*** Begin section ***
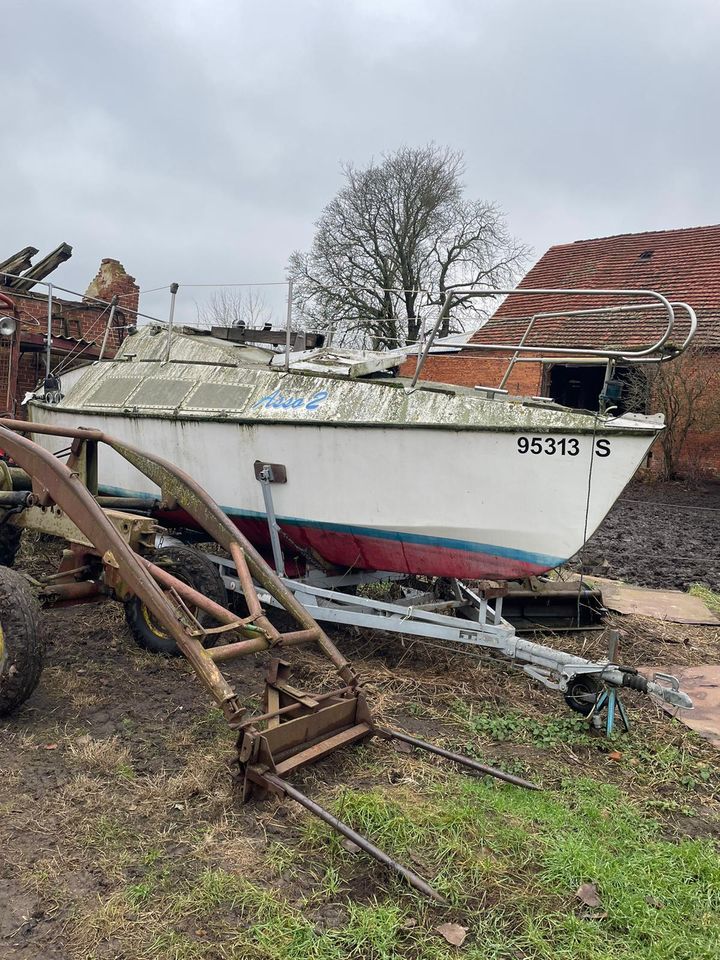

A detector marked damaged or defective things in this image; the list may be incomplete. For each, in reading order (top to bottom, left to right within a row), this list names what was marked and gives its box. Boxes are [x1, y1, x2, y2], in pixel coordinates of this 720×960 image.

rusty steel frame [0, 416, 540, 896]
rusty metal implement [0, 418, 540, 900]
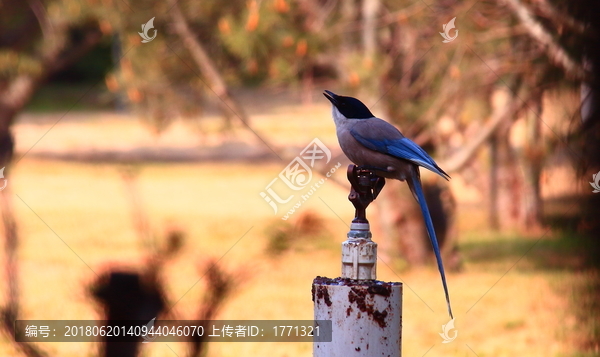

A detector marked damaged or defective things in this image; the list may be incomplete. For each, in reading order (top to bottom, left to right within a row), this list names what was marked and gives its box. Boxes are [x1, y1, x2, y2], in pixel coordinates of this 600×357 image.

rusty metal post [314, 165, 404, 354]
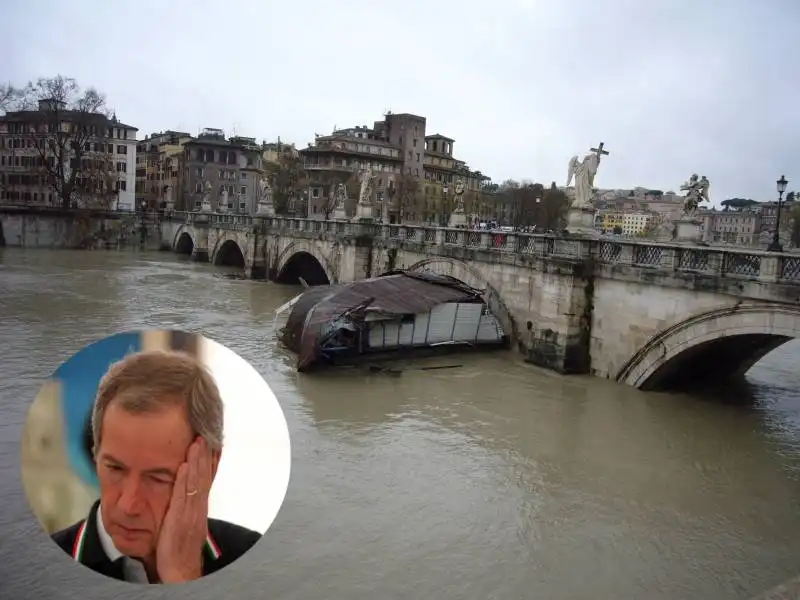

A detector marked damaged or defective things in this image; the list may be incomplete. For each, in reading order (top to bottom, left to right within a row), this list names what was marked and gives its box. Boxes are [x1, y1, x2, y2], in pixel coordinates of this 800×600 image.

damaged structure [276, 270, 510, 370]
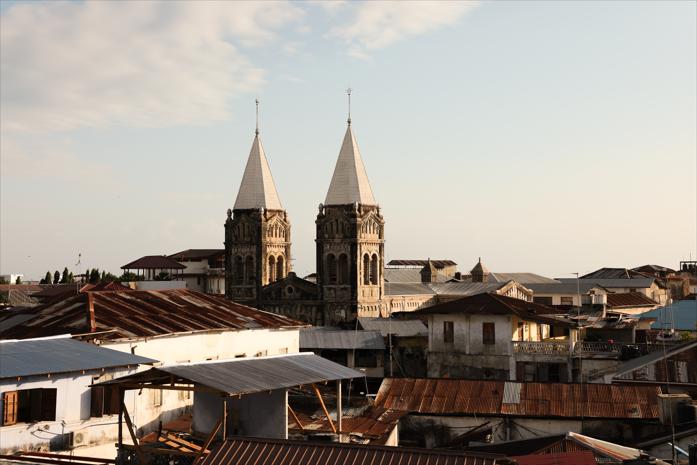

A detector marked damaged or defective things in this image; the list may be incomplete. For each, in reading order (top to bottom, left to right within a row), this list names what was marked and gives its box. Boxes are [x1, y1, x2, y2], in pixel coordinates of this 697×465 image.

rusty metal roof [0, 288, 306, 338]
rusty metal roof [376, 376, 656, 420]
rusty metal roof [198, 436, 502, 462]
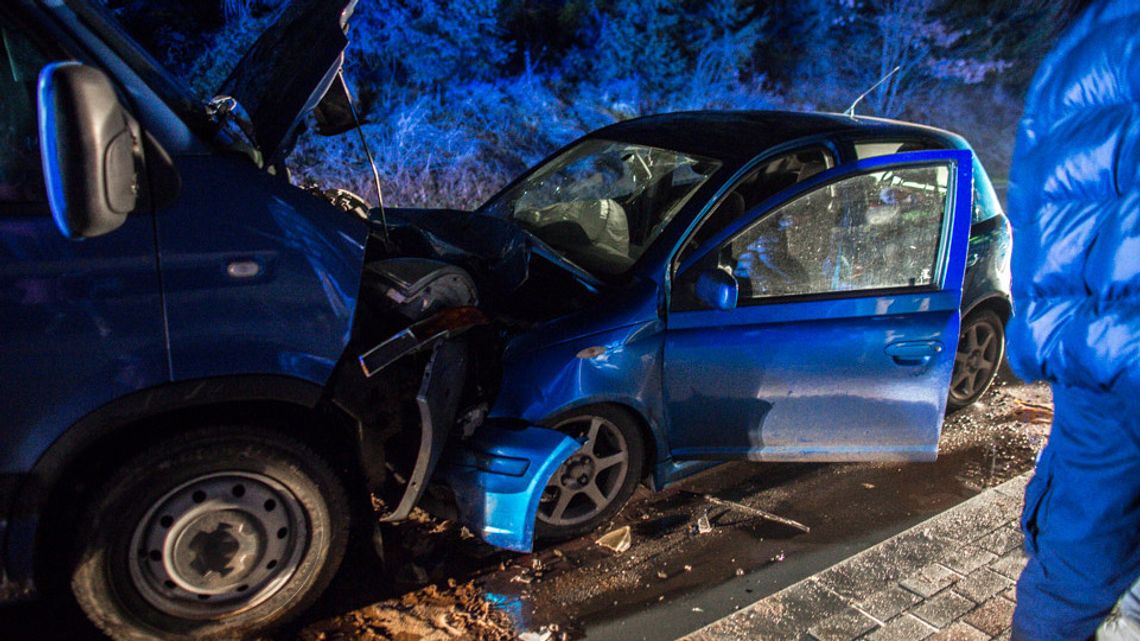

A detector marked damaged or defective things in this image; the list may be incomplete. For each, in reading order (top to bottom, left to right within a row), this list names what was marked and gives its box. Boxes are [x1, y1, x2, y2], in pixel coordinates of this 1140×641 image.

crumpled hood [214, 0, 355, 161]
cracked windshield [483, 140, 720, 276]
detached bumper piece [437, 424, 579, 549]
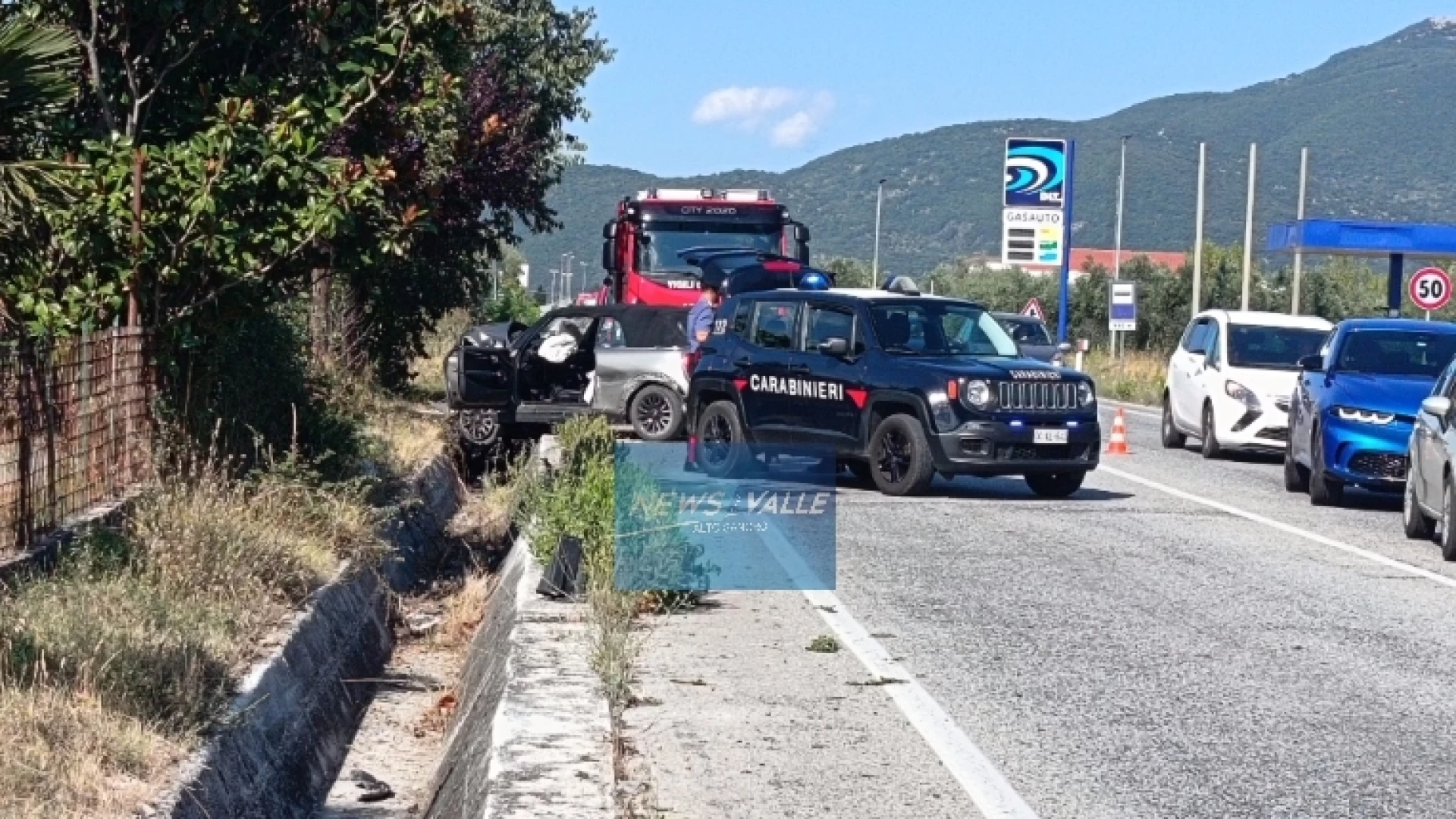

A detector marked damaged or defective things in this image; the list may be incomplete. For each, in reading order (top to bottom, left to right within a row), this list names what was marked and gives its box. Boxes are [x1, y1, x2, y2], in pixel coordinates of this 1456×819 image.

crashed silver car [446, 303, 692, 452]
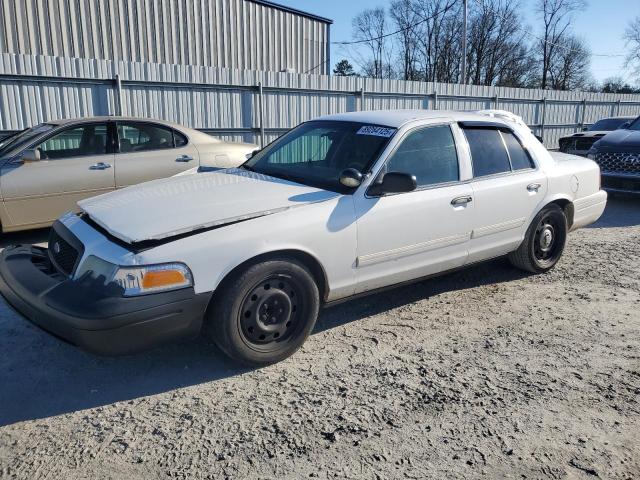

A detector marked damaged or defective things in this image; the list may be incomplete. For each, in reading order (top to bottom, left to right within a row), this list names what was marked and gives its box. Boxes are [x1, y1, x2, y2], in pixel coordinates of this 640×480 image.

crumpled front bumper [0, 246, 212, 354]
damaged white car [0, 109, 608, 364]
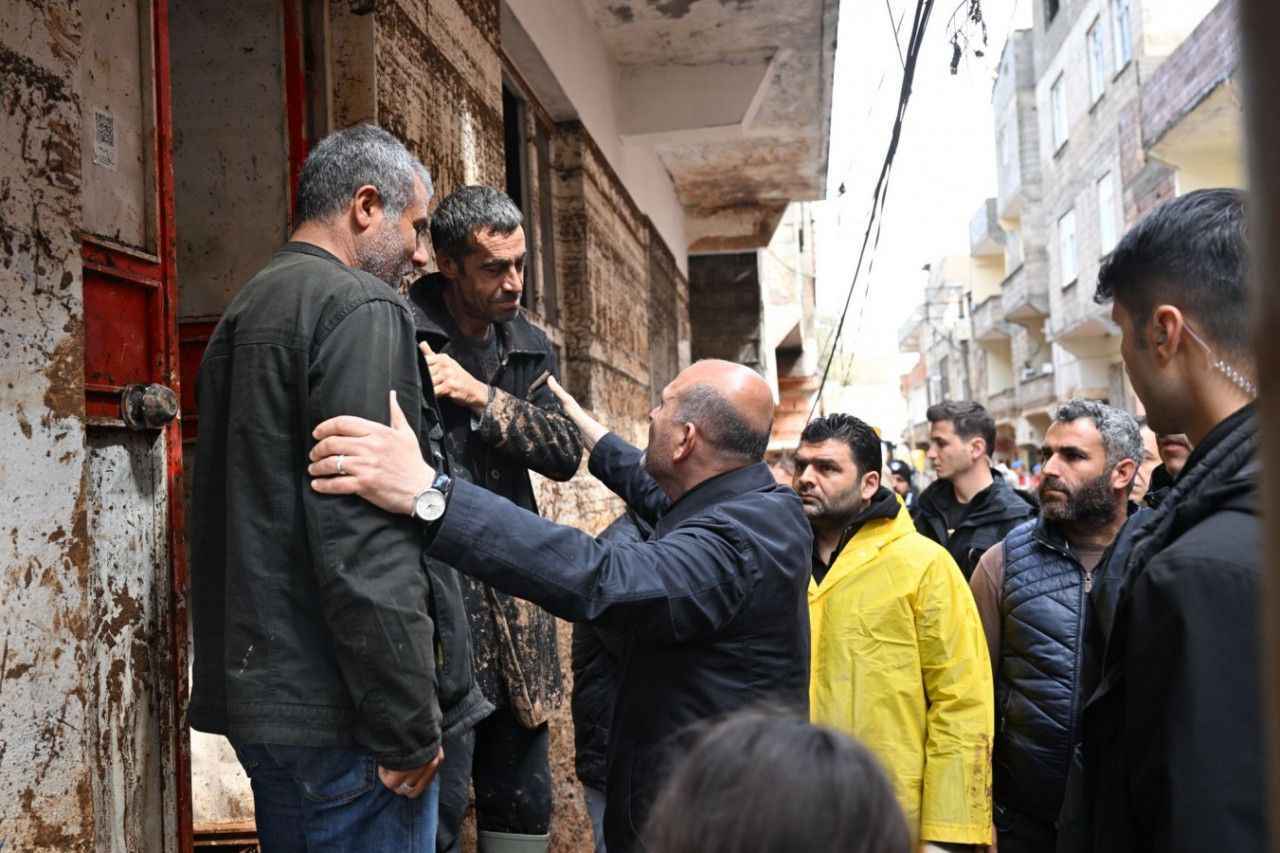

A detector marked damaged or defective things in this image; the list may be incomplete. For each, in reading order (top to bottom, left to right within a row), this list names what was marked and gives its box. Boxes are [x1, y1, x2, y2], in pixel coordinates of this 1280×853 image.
*** End section ***
Every line between the one containing "this 1140×641 image." and the last line of the data above, both included, should be copied exactly, but not the pictures.

A detector marked damaged or defective things in this image; the list may be incomplete. For each, in reading order (top to bottom, left to right within a row), this list names what was marked and gives its box. Boxes are [x1, y1, x2, y2], in pixel coordinates of this 1140×641 image.

crumpled hood [214, 0, 355, 161]
cracked windshield [483, 140, 720, 276]
detached bumper piece [437, 424, 579, 549]

A detector marked damaged or defective things in this image; the list may be incomplete. For each, in reading order (top to bottom, left to right within a row), this list names what was marked and gives its box. Boxes are [x1, y1, x2, y2], in pixel coordinates of this 1456×819 image.

crashed silver car [446, 303, 692, 452]

A detector marked damaged or defective things in this image; the list may be incomplete. For each, in reading order (top to bottom, left to right within a row), this list names what was marked and gives its box. Boxes are [x1, y1, x2, y2], in pixel coordinates of this 640×480 image.

crumpled front bumper [0, 246, 212, 354]
damaged white car [0, 109, 608, 364]

A detector marked damaged or defective things in this image; the list may be incomplete. For each, in reading order (top to bottom, left to right within a row), this list names what was marked and gives its box. Boxes are [x1, y1, x2, y2], in pixel coordinates of this 1280×853 image.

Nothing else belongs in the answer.